Но подобному доктринерскому предпочтению «арийской» расы следовало бы противопоставить категоричное мнение германоанглийского языковеда Макса Мюллера: «Для меня всякий этнолог, который говорил бы об арийской расе, арийской крови, арийских глазах и волосах, — столь же большой грешник, как и всякий филолог, который говорил бы о брахицефальском словаре или о долихоцефальской грамматике… Когда я говорю об арийцах, я не думаю ни о крови, ни о волосах, ни о черепе, а только о народах, которые говорят на некоем арийском языке». И германоамериканский антрополог Франц Боас точно так же считает «арийскую проблему» «чисто языковой проблемой», так что представление о каком-то основном народе, который в различных своих разветвлениях был единственным носителем арийского языка, сохраняя при этом определённый культурный тип, является совершенно произвольным и находится в противоречии с наблюдениями, касающимися возникновения и судьбы культурных народов [42].
Следует настоятельно подчеркнуть, что всё тщательно проведённые анкеты и исследования специалистов более нового времени помогли установить, что необычайно трудно и даже невозможно точно разграничить расовые элементы и слои в Европе, поэтому и крайне рискованно устанавливать прямую связь между эпосом или трагедией данного народа с тем или иным его недостоверным происхождением. Вера в «чистые расы» у европейских народов полностью отброшена, поскольку всё яснее становится, что в биологическо-наследственном смысле эти народы в доисторическое и историческое время представляли собой только расовые смешения с различным процентным соотношением у каждого из них. Разумеется, не исключено, что при этих скрещениях достигалось так называемое повышение жизненных, а часто и духовных качеств, в зависимости от счастливой комбинации расовых составов, ввиду чего наблюдается и национальный или культурный подъём в данные эпохи, не исключая и обратного случая — упадка, как следствия неблагоприятной расовой комбинации[43].
Во Франции, например, обитали и наслаивались веками многие народности и племена: вначале лигуры и иберийцы, позже кельты, греки и римляне, после них германцы и норманны, так что единство французского народа покоится не столько на расовой, сколько на исторической основе. Справедливо подчёркивалось, что трудности в определении роли каждого этнического элемента в этом целом непреодолимы. «Для меня предпочтительнее, — думает отличный знаток французского духа Куртиус, — признать этот пробел в нашем общем знании, нежели заполнить его химерами или снами»[44]. Это замечание о нехватке положительных данных и критериев для определения расового состава одного из наиболее значительных и сравнительно хорошо изученных культурных народов, как и соответствующее неудовлетворительное знание влияния, которое расовая стихия оказывала на характер, культуру и судьбу этого народа, повторяется повсюду.
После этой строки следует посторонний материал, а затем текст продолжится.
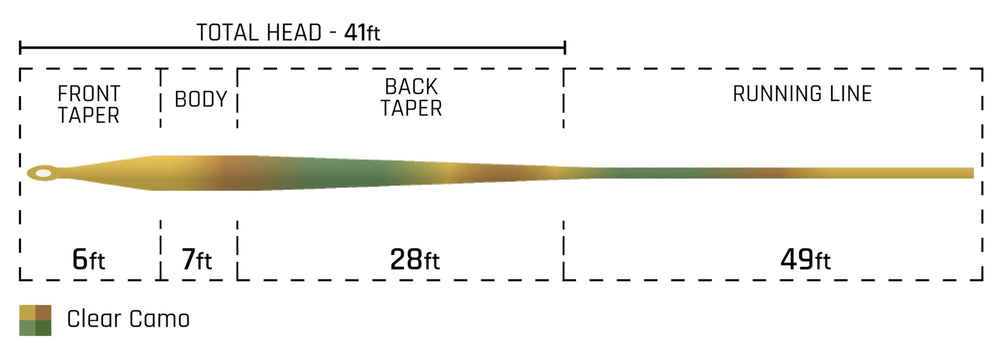 Cortland Clear Camo Intermediate Fly Line 90ft WF6I – line tip and welded loop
Нет сомнения, учитывая некоторые типичные склонности главных цивилизованных народов, имеется кое-что правильно угаданное, например в характеристике, которую даёт им Кант в своей «Антропологии».
Но, приписывая французам вкус и остроумие, англичанам любовь к независимости и торговый дух, испанцам торжественное поведение и гордость, итальянцам аффектацию и весёлый нрав, а немцам флегму и прилежание, философ не скрывает, что трудно исследовать расовые примеси, обусловившие добродетели и недостатки народов, как и исчерпывающе определять национальные качества в их значении для коллективных или индивидуальных достижений [45].
Точную и подробную картину расовых и культурных признаков не в состоянии дать никто при строго определённых и научно установленных понятиях. Едва только о некоторых признаках какой-либо народности создастся общее и неустойчивое впечатление как о расовом свойстве, сразу же могут выявиться и важные отклонения, противоречащие этому впечатлению. Мнимые «положительные» показатели расового свойства всё ещё лишены убедительной силы для критического ума. Поэтому при неуверенности в симптомах и отражениях этого таинственного фактора лучше всего оставить его при обосновании природы национального духа и поисках источника гениальности, проявившейся в творчестве.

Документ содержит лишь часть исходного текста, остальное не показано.